#### Source records ####
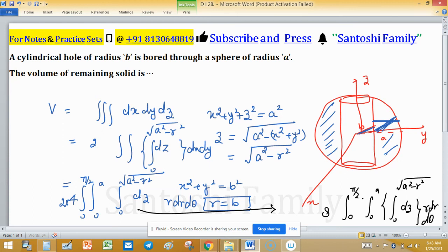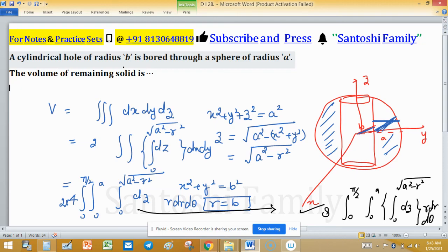This is the direct formula to find the volume of the remaining solid. An examiner can give this formula directly with slightly changed limits, or ask for particular values of radii a and b. This question is very good for prestigious exams.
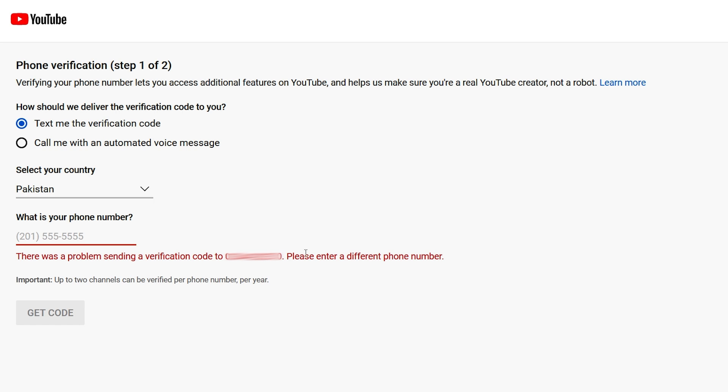So how did I fix it? I will share my solution but for you it can be different. Try clearing browser cache or try a different web browser. Use the call option to get verification code and see if your issue resolves. If not, then change phone number. Use a phone number that is not used to verify a YouTube channel yet. It may solve the issue.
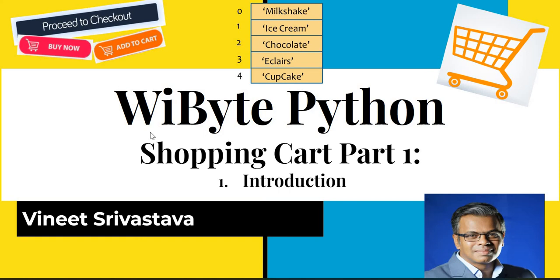Welcome back friends. We are back with yet another interesting activity in our pursuit of learning Python. This particular activity is called shopping cart.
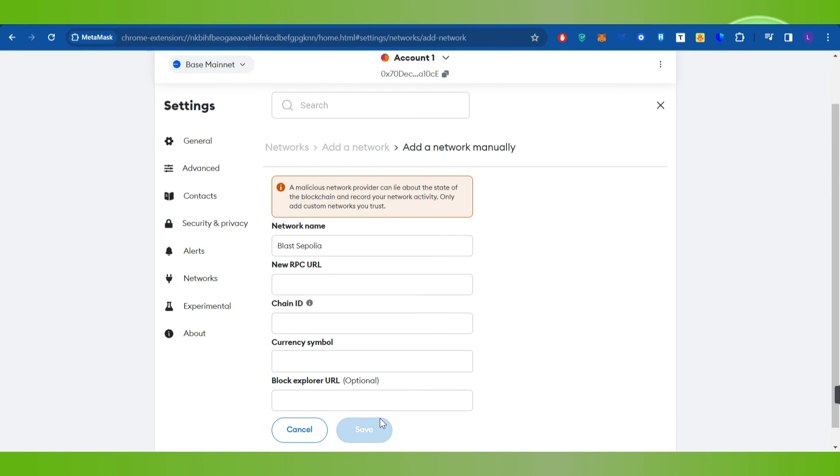This way you will be able to easily add Blast chain to MetaMask wallet. If the video was helpful, then don't forget to like the video and subscribe to the channel. Thank you so much for watching.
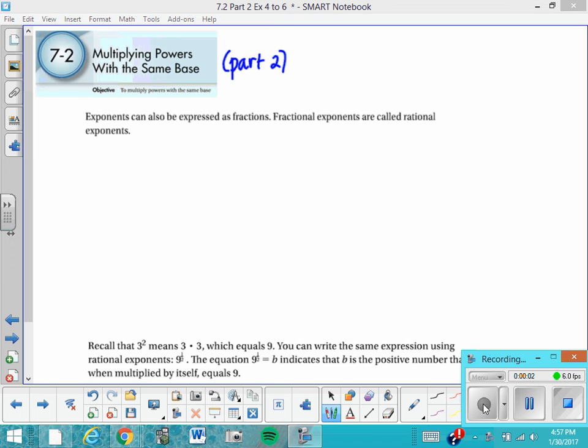Today we're going to continue our study of multiplying powers with the same base. We're going to consider that exponents can also be expressed as fractions.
####
__Exercise directions__. Reproduce the data above verbatim, minus any images.

__Answer section__.
This is the direct formula to find the volume of the remaining solid. An examiner can give this formula directly with slightly changed limits, or ask for particular values of radii a and b. This question is very good for prestigious exams.
So how did I fix it? I will share my solution but for you it can be different. Try clearing browser cache or try a different web browser. Use the call option to get verification code and see if your issue resolves. If not, then change phone number. Use a phone number that is not used to verify a YouTube channel yet. It may solve the issue.
Welcome back friends. We are back with yet another interesting activity in our pursuit of learning Python. This particular activity is called shopping cart.
This way you will be able to easily add Blast chain to MetaMask wallet. If the video was helpful, then don't forget to like the video and subscribe to the channel. Thank you so much for watching.
Today we're going to continue our study of multiplying powers with the same base. We're going to consider that exponents can also be expressed as fractions.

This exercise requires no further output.